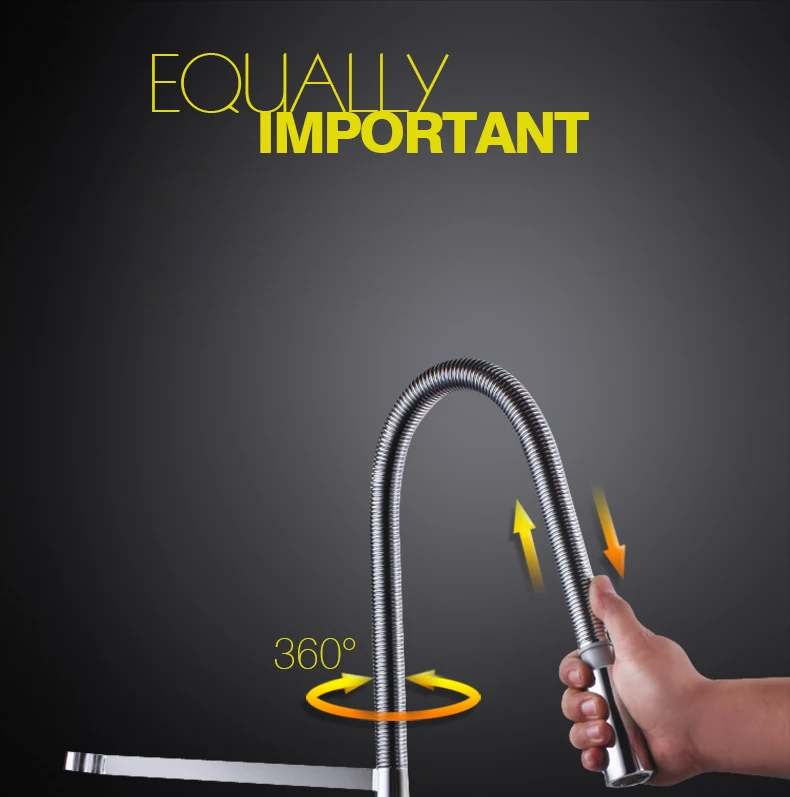 BiNFU Pull Out Kitchen Faucet Brusehd Nickel Chrome Spring Faucet Cold Hot Water Mixer Swivel Single Handle Mixer Sink Tap
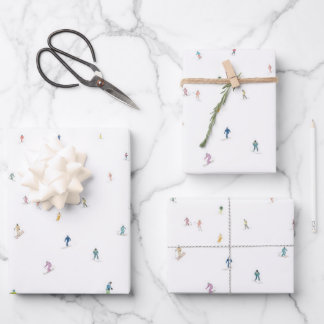 Aquarell Print Ski Snowboard Berg Flachbildschirm Geschenkpapier Set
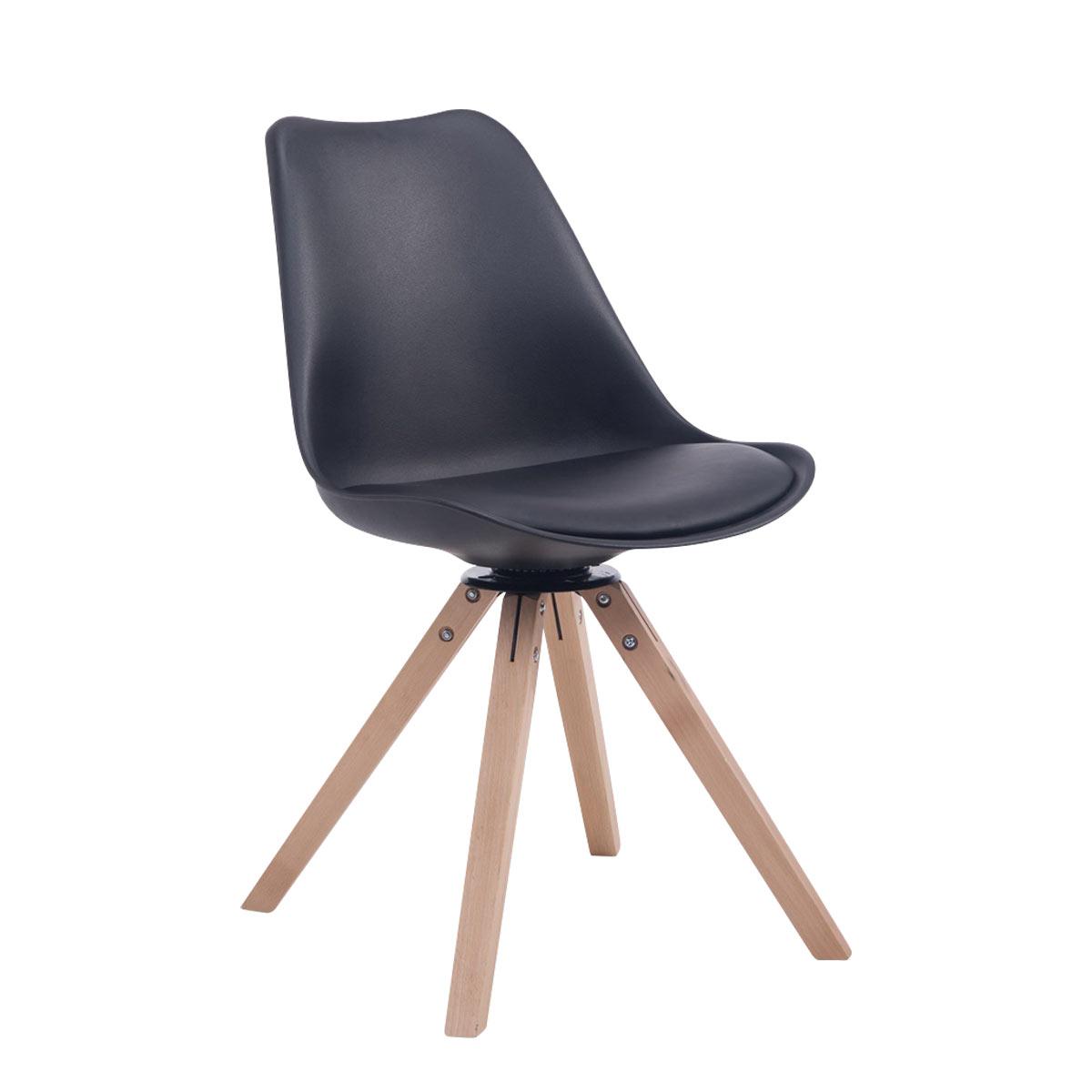 Silla para visitas Troyes Square Negro,Natural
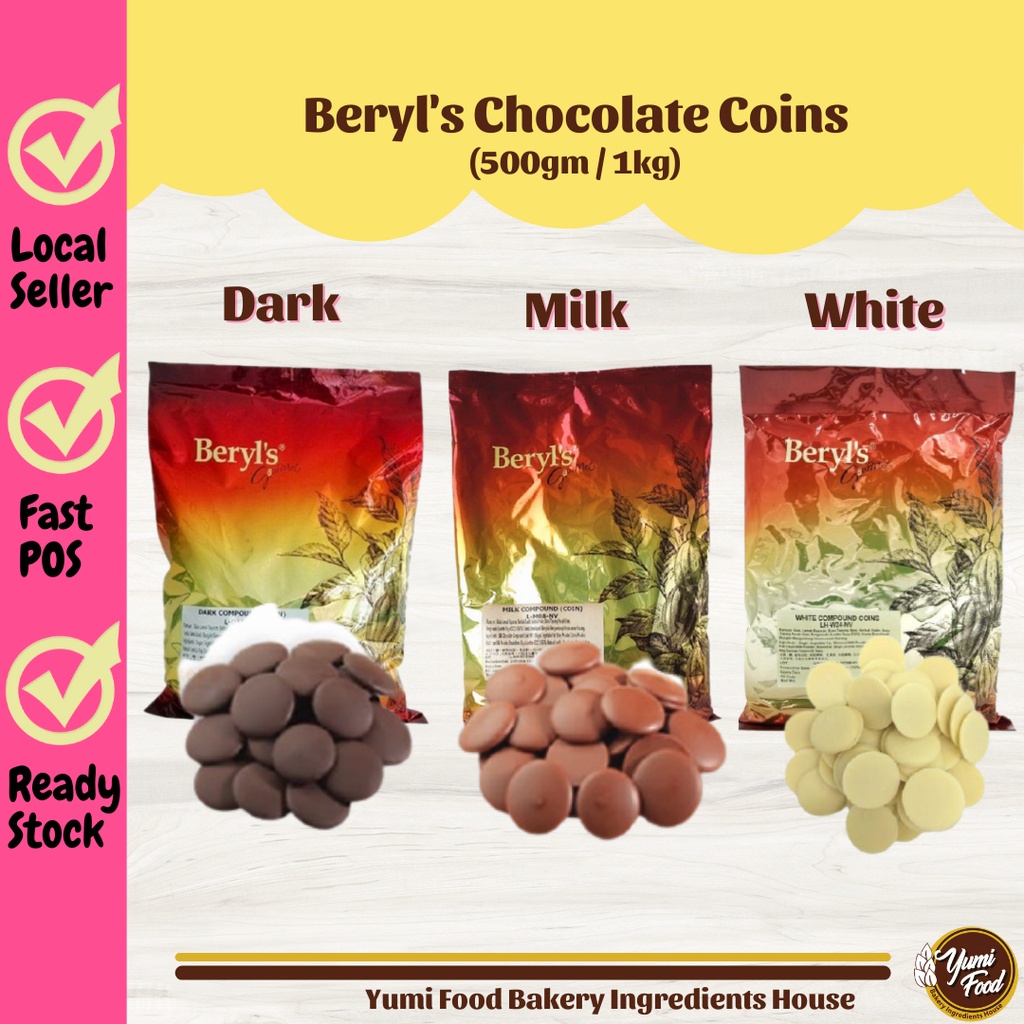 Ready Stock Halal Beryls Chocolate Coins Dark Milk White Coklat Coins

_ _ _ _ _

### Task to carry out
The output should hold only the lines from the one containing "Silla para visitas" through the last line of the listing, reproduced exactly, pictures omitted.

### Response to the exercise
 Silla para visitas Troyes Square Negro,Natural
 Ready Stock Halal Beryls Chocolate Coins Dark Milk White Coklat Coins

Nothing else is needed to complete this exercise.